Burundian President Pierre Nkurunziza said Wednesday he would fight proposed African Union peacekeepers if they set foot on Burundian soil, defying intense global pressure to accept the force.
"Everybody should respect the borders of Burundi. If the troops are in violation of this decision, they will have attacked Burundi, and each Burundian must stand up to fight them," Nkurunziza said in a speech broadcast on state radio.

"The country will have been attacked, and we will fight them."
The 54-member African Union gave Burundi a four-day deadline on December 17 to accept a 5,000-strong force to halt months of violence, pledging to send troops even though Burundi said it was opposed to an "invasion force".
The small central African country descended into bloodshed in April when Nkurunziza announced his intention to run for a controversial third term in a July election that he went on to win.

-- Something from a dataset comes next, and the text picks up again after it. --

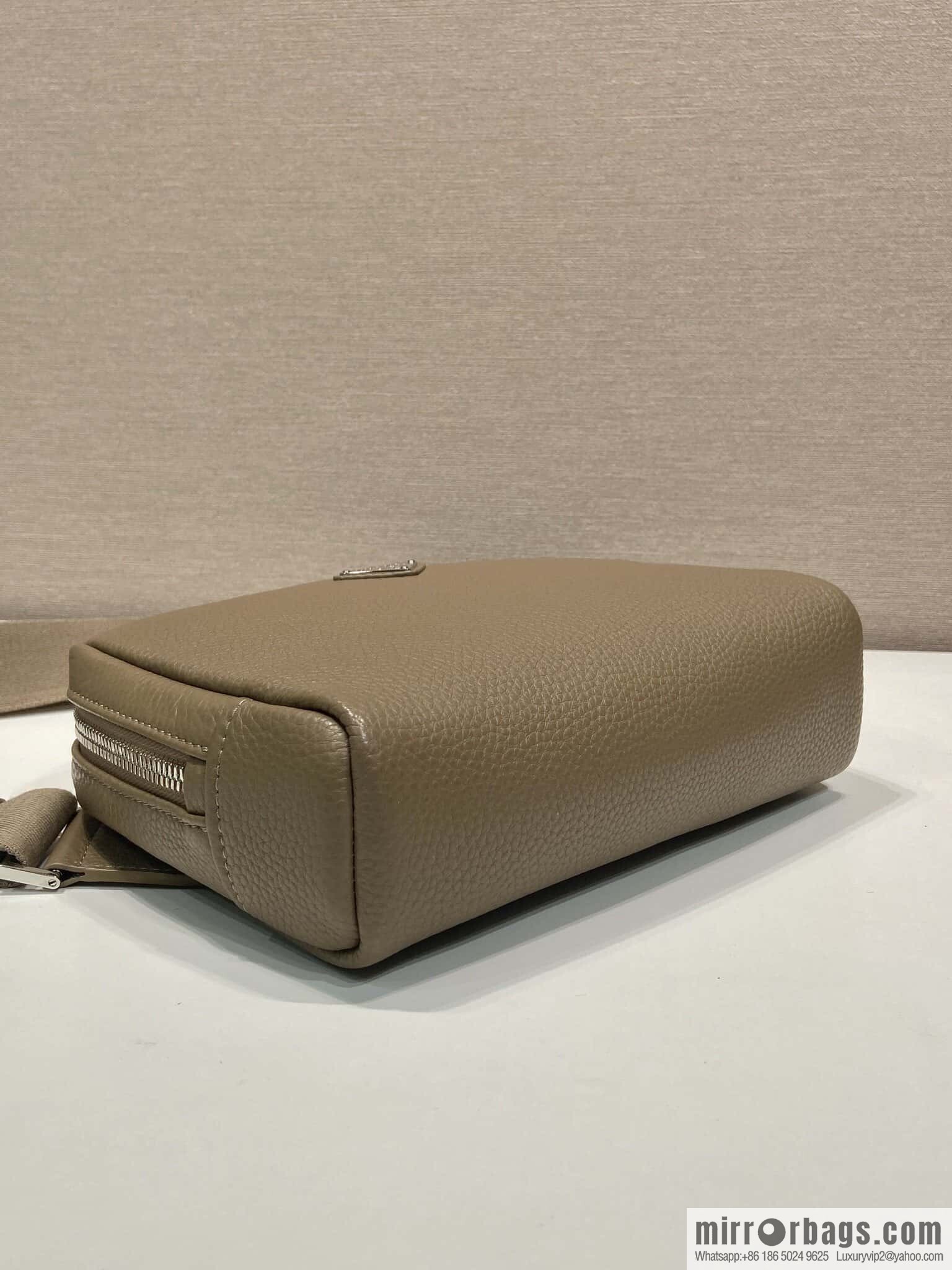 PRADA 🎉 new breast bag 🎉 2VH181 large new color🎉🎉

"You cannot send troops to a country if the United Nations Security Council has not accepted it... the UN resolution says the international community should respect the independence of Burundi," Nkurunziza said in one of his strongest speeches yet following the unrest.
Burundi is still recovering from an ethnically-charged civil war between majority Hutus and minority Tutsis, which cost an estimated 300,000 lives between 1993 and 2006.

Hundreds of people have been killed since April, when opponents of Nkurunziza's re-election bid took to the streets in protest.
"When there are two warring forces then you can have a peacekeeping force," Nkurunziza said. "But this is not the case here, because we are facing a security problem. It is not a political issue, because this was resolved by the elections."

Earlier this month UN Secretary-General Ban Ki-moon said that deploying UN peacekeepers to Burundi was an option to quell the violence.
AU Commission chief Nkosazana Dlamini-Zuma has written to the UN Security Council asking for "full UN support including the authorisation of a support package" for the force, the AU has said.

The proposed force, the African Prevention and Protection Mission in Burundi, is known by its acronym in French, MAPROBU. No details of possible troop contributing nations have been given, or any timeline for its deployment.
Burundian troops themselves are a key contingent in the AU force in Somalia, AMISOM, as well as the UN mission in Central African Republic (CAR).